PARIS, June 1 (Reuters) - Cnova NV, the e-commerce arm of French retailer Casino, plans to raise around 300 million euros ($367 million) in a sale of new shares to fund growth and boost its proportion of freely tradeable stock.

Cnova's Cdiscount website competes with international groups such as Amazon in France, with a marketplaces-style platform that links shoppers with third-party vendors selling household goods, electronic equipment and toys.

Cnova, the holding company for Cdiscount, said on Tuesday it planned to launch the new share issue by the end of the year.

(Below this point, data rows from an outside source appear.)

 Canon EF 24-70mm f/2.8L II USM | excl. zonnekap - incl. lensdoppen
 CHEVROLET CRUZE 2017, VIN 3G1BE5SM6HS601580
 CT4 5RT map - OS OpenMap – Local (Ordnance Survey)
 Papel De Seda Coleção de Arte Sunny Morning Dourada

The company also said certain existing shareholders of Cnova might decide to sell some of their shares to further increase its free float, which currently stands at 1%.

Cdiscount is fully controlled by Cnova, which in turn is 65% controlled by Casino and 34% by Casino's Brazilian business Grupo Pao Acucar.

Casino intends to remain Cnova's majority shareholder.

Cnova's CEO Emmanuel Grenier told Reuters it was too early to say how much the Casino group would ultimately retain in Cnova as much hinged on market conditions.

Grenier said the funds from the 300 million euro capital increase would be used to speed up the growth of Cnova, which aims to triple its Gross Merchandise Volume (GMV) to above 12 billion euros by 2025.

This target would be achieved thanks to the strong momentum in both Cnova's marketplace and its tech-enabled B2B services platform Octopia, which Cnova wants to expand globally.

Parent company Casino, run and controlled by Jean-Charles Naouri, has been looking to boost its profitability and cash flow with asset sales, as well as finding savings through purchasing deals.

Naouri has been looking to ease the debts of both Casino and Rallye, the holding company behind the retailer.

As well as the Cdiscount fundraising, Casino has also said it is considering a stock market listing for its GreenYellow renewable energy arm.

Shares in Casino were flat in early afternoon trade, while Cnova shares were up 4.8%.